BEGIN RECORDS SHOWN

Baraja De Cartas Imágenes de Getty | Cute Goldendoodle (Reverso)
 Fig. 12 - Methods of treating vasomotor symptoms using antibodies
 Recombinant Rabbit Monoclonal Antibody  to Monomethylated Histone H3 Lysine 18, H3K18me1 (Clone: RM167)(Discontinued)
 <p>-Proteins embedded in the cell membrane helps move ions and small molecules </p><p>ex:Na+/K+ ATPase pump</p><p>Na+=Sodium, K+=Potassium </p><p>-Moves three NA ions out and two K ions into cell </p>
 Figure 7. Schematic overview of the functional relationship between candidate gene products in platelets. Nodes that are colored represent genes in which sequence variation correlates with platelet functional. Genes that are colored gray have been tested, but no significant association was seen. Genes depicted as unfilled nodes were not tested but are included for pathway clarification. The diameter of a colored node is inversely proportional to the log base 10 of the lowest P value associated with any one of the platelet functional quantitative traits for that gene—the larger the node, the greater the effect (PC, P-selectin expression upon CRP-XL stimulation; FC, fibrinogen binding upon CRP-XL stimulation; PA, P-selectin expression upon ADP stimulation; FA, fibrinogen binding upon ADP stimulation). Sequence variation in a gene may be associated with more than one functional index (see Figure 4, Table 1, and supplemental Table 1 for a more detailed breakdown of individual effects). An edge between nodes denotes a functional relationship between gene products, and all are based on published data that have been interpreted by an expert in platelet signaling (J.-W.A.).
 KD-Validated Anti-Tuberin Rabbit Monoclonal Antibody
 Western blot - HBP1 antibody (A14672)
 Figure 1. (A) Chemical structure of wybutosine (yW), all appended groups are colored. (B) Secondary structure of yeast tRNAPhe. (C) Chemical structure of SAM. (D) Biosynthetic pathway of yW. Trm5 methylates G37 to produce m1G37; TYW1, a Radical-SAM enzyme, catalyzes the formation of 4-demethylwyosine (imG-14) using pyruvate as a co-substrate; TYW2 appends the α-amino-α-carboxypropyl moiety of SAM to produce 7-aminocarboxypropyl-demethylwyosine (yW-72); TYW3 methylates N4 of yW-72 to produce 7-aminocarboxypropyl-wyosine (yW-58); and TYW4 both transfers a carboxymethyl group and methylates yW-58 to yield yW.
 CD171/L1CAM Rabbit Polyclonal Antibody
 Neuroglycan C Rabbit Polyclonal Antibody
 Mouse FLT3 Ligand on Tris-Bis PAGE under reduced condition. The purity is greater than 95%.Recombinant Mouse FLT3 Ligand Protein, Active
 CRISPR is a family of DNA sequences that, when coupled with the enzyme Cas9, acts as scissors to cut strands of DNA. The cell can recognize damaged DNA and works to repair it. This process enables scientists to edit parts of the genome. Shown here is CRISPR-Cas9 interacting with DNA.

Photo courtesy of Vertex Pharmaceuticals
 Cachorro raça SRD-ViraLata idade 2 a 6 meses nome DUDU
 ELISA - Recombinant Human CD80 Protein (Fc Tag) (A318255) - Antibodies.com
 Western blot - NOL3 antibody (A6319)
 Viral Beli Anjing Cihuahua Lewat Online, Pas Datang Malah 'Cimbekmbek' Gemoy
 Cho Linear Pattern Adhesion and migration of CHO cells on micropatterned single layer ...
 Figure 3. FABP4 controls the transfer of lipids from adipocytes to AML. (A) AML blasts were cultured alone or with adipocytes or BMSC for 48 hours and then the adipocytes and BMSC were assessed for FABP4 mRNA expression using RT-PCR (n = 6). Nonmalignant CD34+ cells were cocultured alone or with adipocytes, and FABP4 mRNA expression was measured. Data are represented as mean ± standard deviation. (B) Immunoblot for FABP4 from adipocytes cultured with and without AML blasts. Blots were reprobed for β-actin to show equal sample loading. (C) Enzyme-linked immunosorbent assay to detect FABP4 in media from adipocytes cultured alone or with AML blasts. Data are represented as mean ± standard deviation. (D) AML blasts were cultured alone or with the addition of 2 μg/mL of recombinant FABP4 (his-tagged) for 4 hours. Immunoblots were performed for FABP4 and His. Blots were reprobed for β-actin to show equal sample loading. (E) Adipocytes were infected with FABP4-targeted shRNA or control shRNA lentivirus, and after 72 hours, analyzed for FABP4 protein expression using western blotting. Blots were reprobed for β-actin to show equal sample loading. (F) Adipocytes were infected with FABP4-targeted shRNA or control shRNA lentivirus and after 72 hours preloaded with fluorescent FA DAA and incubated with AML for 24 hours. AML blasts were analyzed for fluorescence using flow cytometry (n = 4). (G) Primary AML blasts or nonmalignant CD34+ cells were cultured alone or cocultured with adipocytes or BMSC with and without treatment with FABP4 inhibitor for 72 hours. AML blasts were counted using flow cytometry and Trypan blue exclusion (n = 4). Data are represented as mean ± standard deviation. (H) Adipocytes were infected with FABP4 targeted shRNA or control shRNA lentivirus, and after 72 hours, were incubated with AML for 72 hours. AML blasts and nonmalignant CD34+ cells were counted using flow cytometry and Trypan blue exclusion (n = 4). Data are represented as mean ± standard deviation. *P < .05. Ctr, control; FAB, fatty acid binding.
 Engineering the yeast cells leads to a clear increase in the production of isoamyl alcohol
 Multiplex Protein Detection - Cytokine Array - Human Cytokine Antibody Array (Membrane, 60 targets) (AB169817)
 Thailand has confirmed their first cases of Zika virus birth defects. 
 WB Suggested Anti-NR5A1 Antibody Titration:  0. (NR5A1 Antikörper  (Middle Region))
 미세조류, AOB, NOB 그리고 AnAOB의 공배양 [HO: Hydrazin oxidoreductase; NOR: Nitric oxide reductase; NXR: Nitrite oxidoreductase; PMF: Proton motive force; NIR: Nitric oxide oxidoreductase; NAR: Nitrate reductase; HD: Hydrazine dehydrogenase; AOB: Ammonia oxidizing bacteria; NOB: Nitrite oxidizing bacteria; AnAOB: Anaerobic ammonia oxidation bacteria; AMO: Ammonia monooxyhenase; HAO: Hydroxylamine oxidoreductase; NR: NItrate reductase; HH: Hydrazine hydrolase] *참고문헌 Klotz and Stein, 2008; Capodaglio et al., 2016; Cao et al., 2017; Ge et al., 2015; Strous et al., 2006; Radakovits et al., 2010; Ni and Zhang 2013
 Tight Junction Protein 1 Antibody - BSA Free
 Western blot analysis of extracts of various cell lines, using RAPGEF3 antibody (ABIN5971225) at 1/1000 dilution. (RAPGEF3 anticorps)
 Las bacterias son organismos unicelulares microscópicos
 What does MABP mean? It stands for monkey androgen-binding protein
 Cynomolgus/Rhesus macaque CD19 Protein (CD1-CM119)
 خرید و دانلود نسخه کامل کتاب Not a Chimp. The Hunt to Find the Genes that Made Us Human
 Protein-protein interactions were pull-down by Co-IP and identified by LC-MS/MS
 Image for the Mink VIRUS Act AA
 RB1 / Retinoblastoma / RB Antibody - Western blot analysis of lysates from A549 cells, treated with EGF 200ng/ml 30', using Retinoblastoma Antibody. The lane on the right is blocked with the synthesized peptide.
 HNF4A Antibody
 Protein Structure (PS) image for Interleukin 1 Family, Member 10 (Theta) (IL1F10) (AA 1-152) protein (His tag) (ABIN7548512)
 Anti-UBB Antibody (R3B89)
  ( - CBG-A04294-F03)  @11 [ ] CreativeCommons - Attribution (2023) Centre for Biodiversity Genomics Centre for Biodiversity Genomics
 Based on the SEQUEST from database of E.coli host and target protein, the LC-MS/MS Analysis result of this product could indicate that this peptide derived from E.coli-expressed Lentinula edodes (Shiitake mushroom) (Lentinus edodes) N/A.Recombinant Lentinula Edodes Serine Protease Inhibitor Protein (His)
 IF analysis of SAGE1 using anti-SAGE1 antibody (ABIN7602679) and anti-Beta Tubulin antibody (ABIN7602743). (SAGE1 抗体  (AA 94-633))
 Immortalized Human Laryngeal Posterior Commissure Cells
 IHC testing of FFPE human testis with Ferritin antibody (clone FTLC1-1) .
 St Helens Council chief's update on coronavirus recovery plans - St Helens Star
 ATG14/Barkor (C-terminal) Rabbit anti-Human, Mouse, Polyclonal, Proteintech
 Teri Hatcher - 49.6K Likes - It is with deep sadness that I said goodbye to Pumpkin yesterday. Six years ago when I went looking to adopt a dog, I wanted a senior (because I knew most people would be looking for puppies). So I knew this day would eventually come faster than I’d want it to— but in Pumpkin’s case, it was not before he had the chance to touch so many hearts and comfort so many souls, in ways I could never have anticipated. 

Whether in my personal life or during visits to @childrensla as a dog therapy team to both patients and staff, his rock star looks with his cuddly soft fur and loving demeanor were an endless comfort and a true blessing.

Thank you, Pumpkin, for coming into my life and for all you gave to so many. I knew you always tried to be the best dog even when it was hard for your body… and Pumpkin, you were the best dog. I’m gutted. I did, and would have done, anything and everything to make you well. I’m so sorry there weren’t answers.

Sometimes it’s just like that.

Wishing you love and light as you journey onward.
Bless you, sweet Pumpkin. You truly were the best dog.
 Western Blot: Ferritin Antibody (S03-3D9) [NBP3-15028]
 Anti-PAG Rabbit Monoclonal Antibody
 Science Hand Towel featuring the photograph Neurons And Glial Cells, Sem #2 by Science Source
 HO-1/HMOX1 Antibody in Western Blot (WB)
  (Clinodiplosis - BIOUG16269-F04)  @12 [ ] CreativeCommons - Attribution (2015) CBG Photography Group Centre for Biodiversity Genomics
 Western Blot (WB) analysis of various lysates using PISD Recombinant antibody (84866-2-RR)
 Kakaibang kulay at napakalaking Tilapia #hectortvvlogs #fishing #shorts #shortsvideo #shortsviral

END RECORDS SHOWN

## EXERCISE GOAL:
Above are the records; copy exactly the lines from the line with "Western blot - HBP1 antibody (A14672)" through the line with "Photo courtesy of Vertex Pharmaceuticals", both included.

## WRITTEN RESPONSE:
 Western blot - HBP1 antibody (A14672)
 Figure 1. (A) Chemical structure of wybutosine (yW), all appended groups are colored. (B) Secondary structure of yeast tRNAPhe. (C) Chemical structure of SAM. (D) Biosynthetic pathway of yW. Trm5 methylates G37 to produce m1G37; TYW1, a Radical-SAM enzyme, catalyzes the formation of 4-demethylwyosine (imG-14) using pyruvate as a co-substrate; TYW2 appends the α-amino-α-carboxypropyl moiety of SAM to produce 7-aminocarboxypropyl-demethylwyosine (yW-72); TYW3 methylates N4 of yW-72 to produce 7-aminocarboxypropyl-wyosine (yW-58); and TYW4 both transfers a carboxymethyl group and methylates yW-58 to yield yW.
 CD171/L1CAM Rabbit Polyclonal Antibody
 Neuroglycan C Rabbit Polyclonal Antibody
 Mouse FLT3 Ligand on Tris-Bis PAGE under reduced condition. The purity is greater than 95%.Recombinant Mouse FLT3 Ligand Protein, Active
 CRISPR is a family of DNA sequences that, when coupled with the enzyme Cas9, acts as scissors to cut strands of DNA. The cell can recognize damaged DNA and works to repair it. This process enables scientists to edit parts of the genome. Shown here is CRISPR-Cas9 interacting with DNA.

Photo courtesy of Vertex Pharmaceuticals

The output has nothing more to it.